(Beginning of RECORDS TO PROCESS)

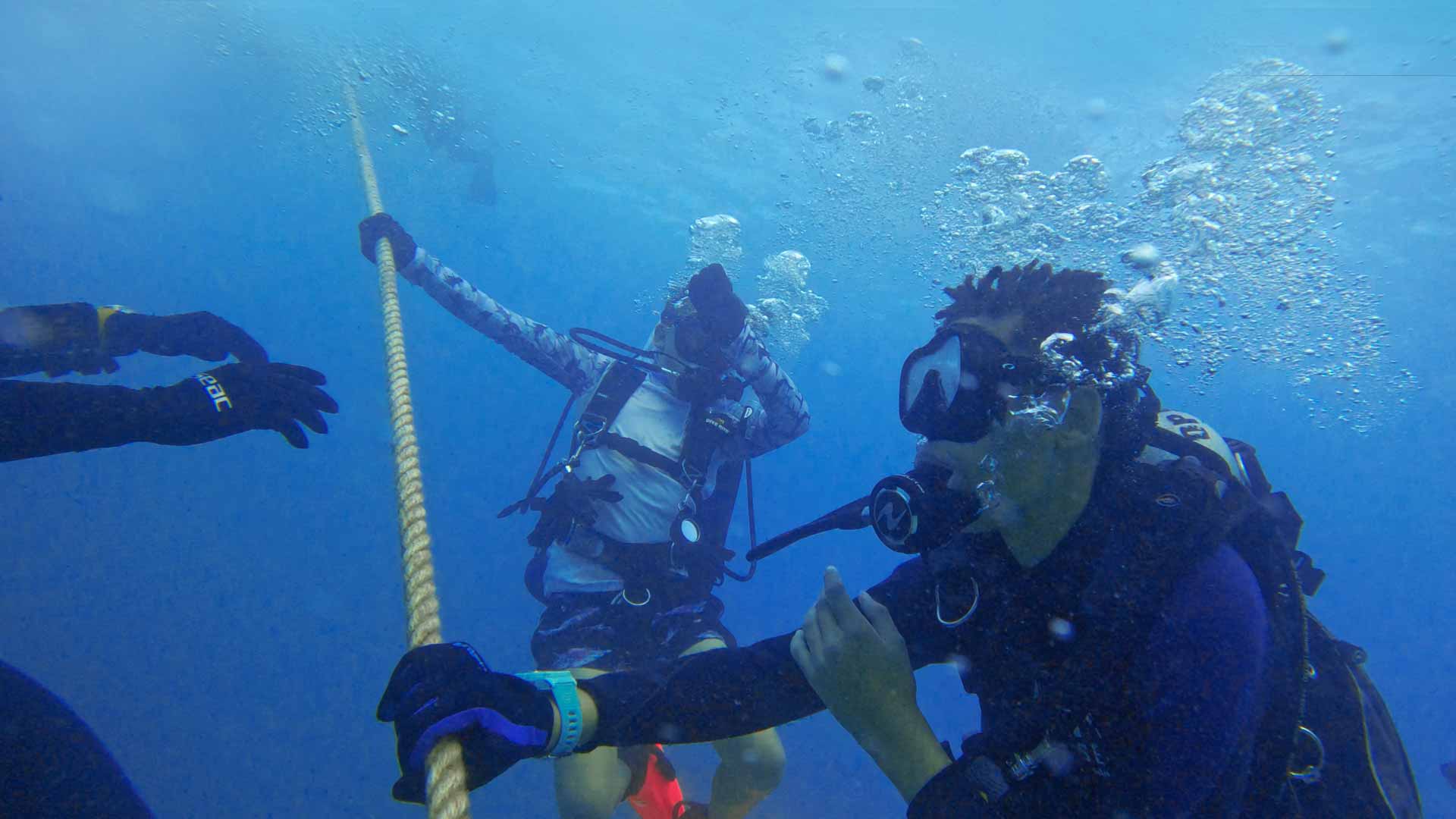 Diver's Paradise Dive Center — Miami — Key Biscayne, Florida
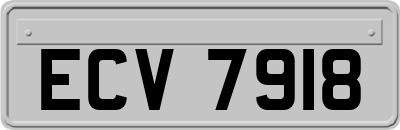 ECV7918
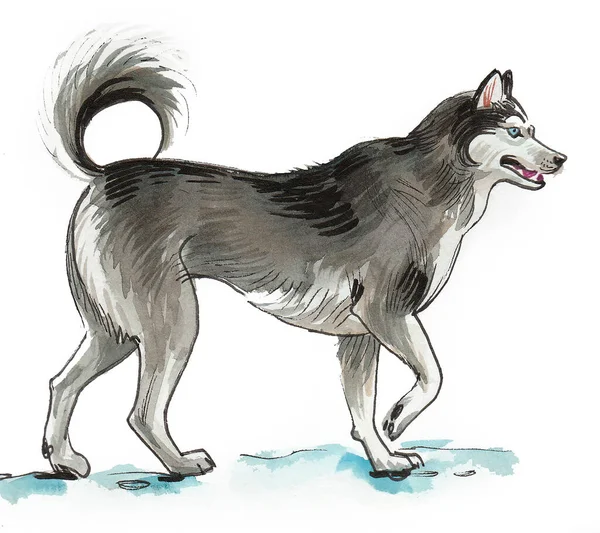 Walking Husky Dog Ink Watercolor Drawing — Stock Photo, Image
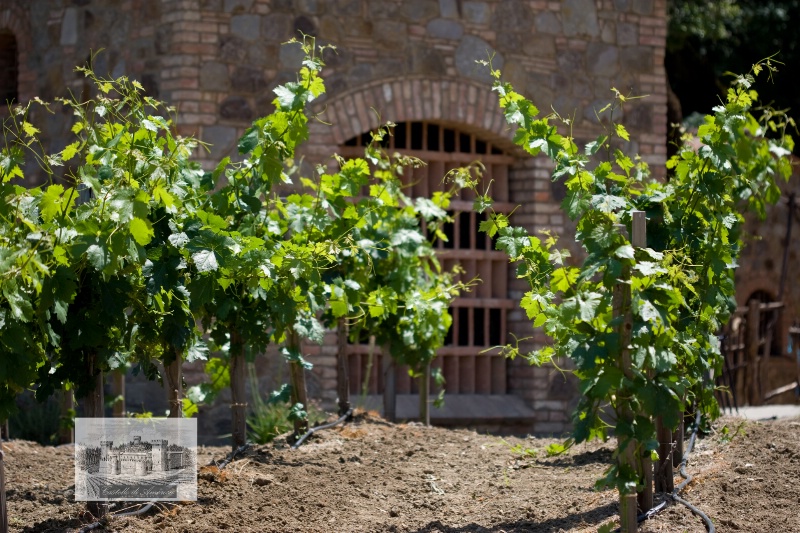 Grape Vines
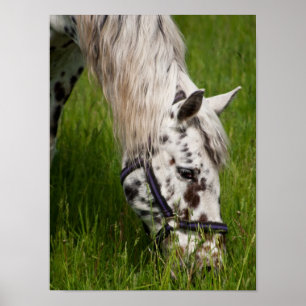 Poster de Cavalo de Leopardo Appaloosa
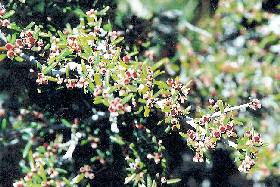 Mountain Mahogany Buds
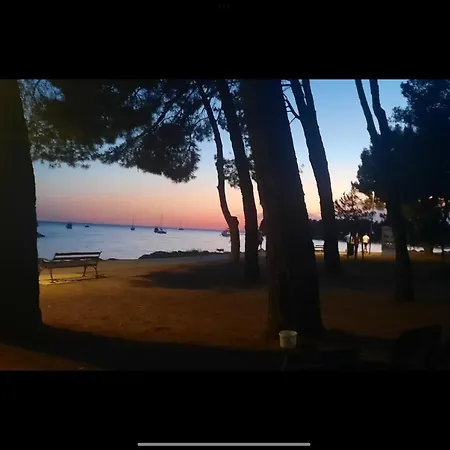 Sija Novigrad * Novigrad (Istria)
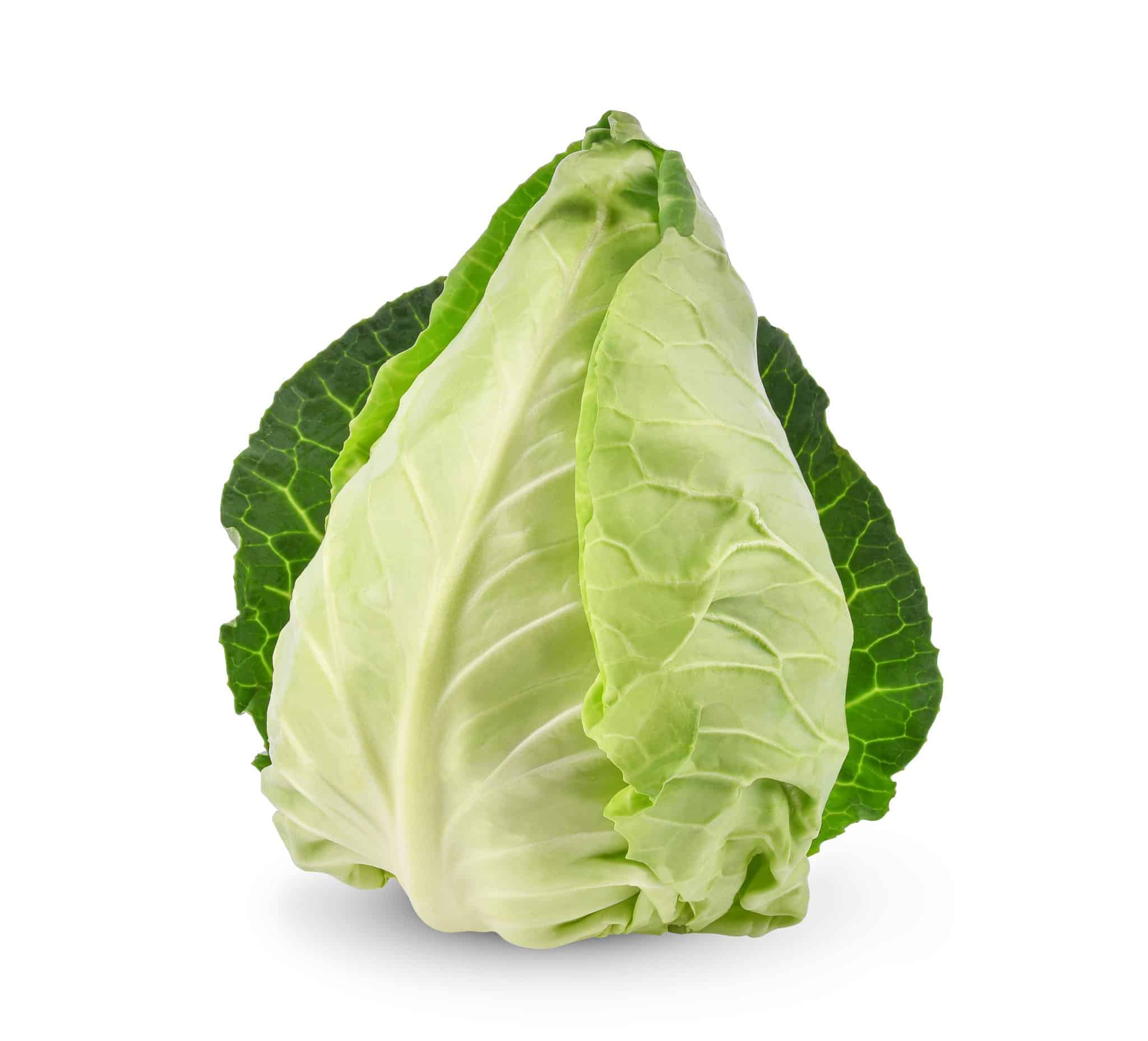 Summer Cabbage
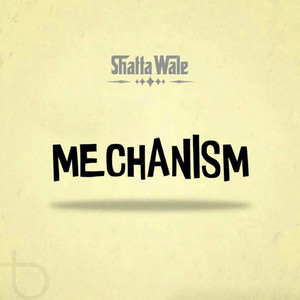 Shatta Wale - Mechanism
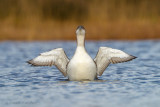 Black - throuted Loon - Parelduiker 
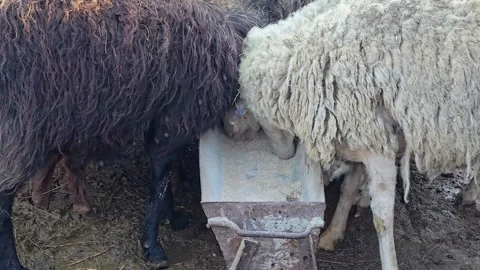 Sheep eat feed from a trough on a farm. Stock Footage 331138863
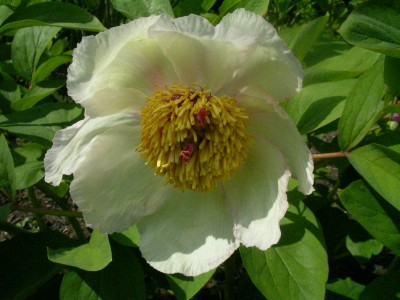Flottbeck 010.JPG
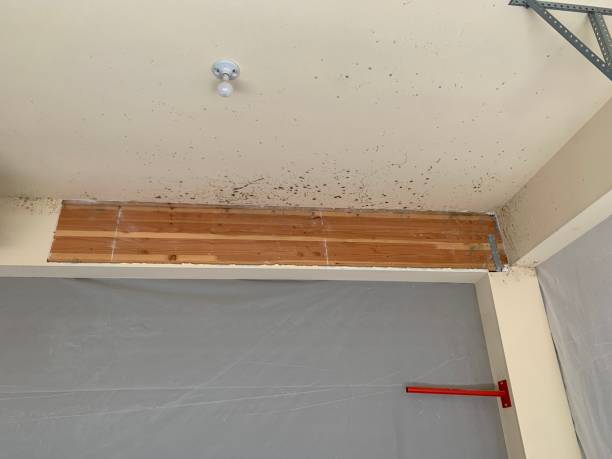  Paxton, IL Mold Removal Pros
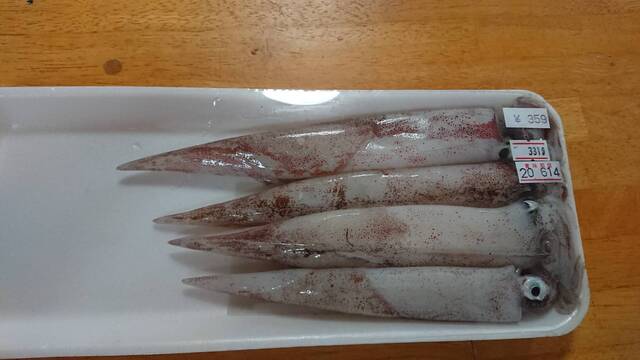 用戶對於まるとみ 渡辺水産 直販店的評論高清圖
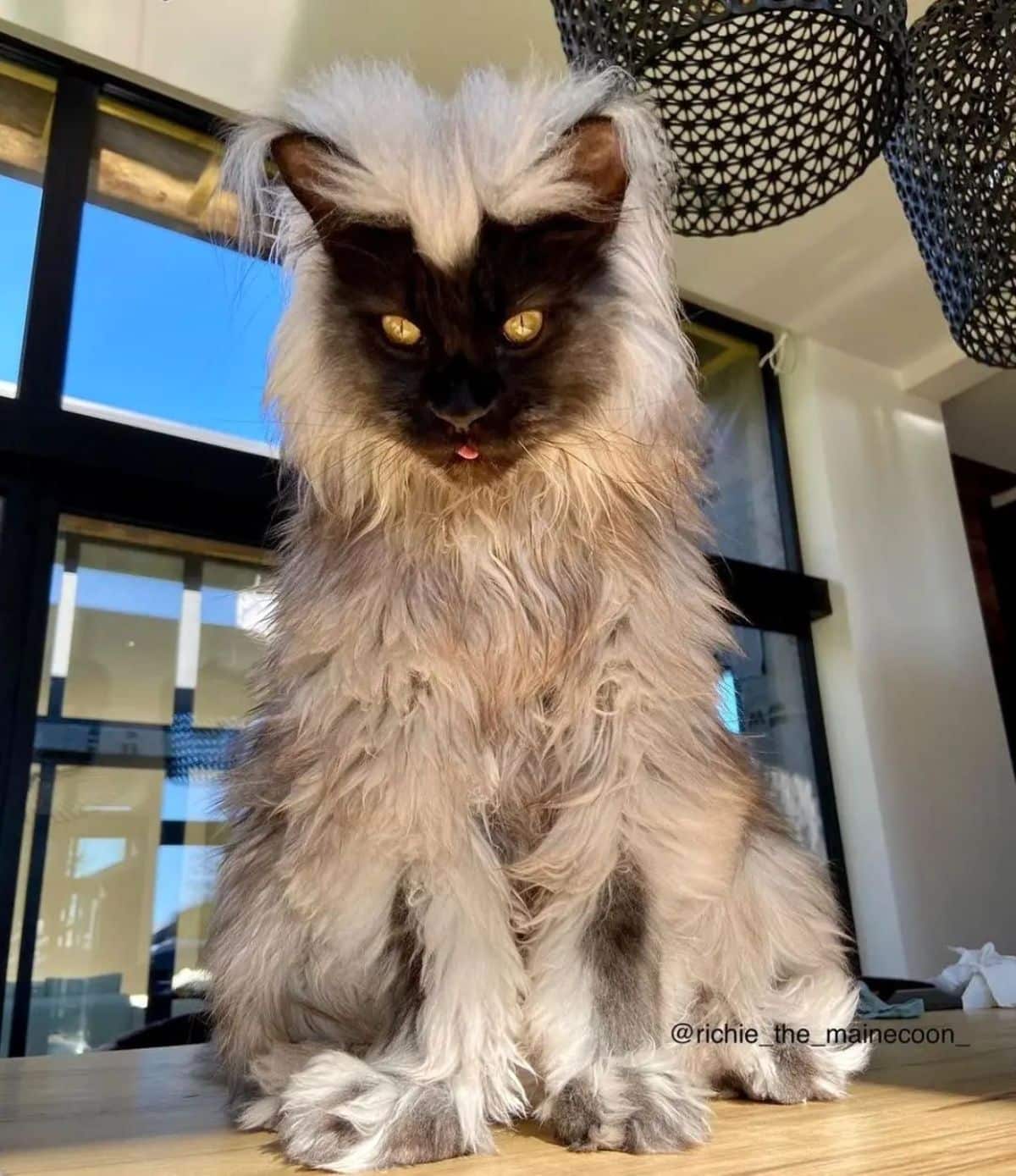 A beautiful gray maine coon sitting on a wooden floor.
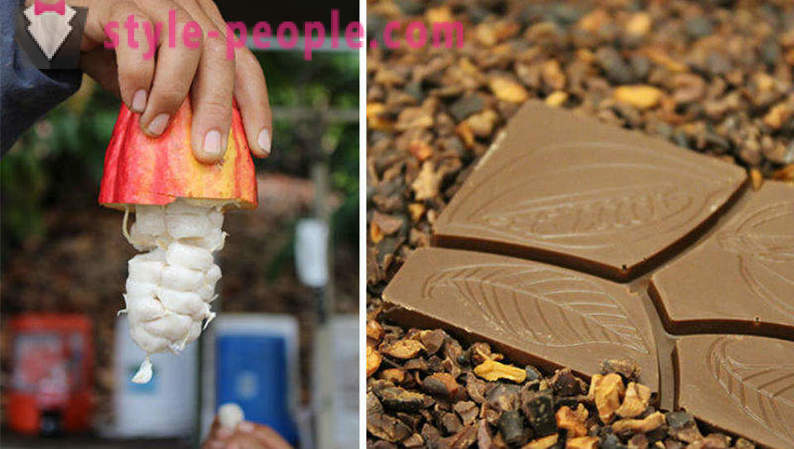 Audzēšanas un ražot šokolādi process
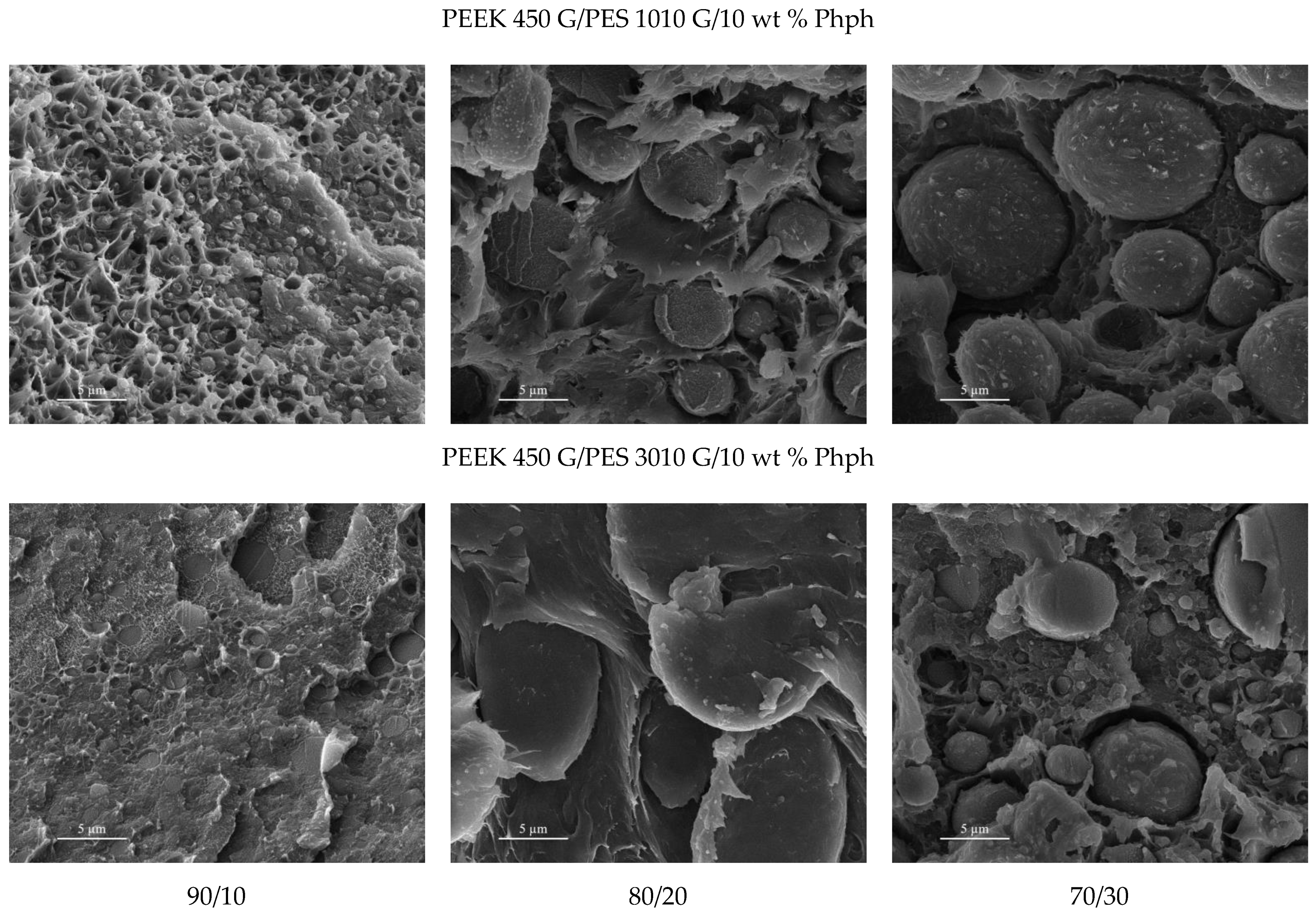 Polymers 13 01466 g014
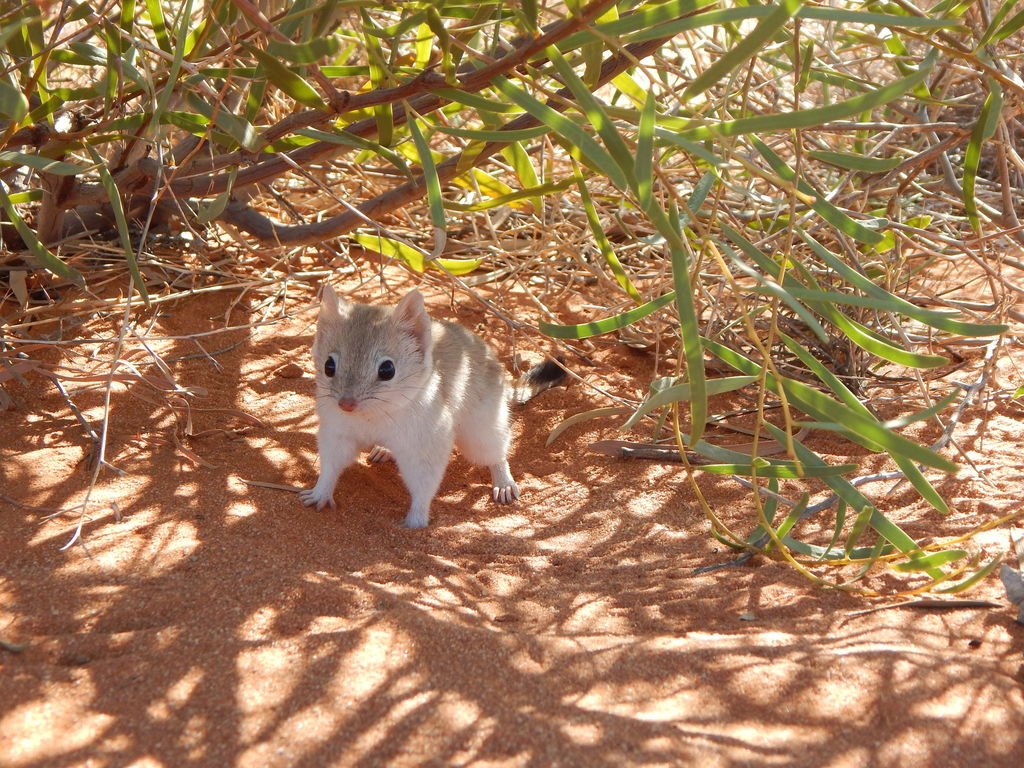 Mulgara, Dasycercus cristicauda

(End of RECORDS TO PROCESS)

[AIM OF THE EXERCISE] Everything from the line with "Black - throuted Loon - Parelduiker" through the end of the records above, both ends included, is to be reproduced exactly, and nothing outside that span; the pictures are to be dropped.

[EXPECTED ANSWER]
 Black - throuted Loon - Parelduiker 
 Sheep eat feed from a trough on a farm. Stock Footage 331138863
Flottbeck 010.JPG
  Paxton, IL Mold Removal Pros
 用戶對於まるとみ 渡辺水産 直販店的評論高清圖
 A beautiful gray maine coon sitting on a wooden floor.
 Audzēšanas un ražot šokolādi process
 Polymers 13 01466 g014
 Mulgara, Dasycercus cristicauda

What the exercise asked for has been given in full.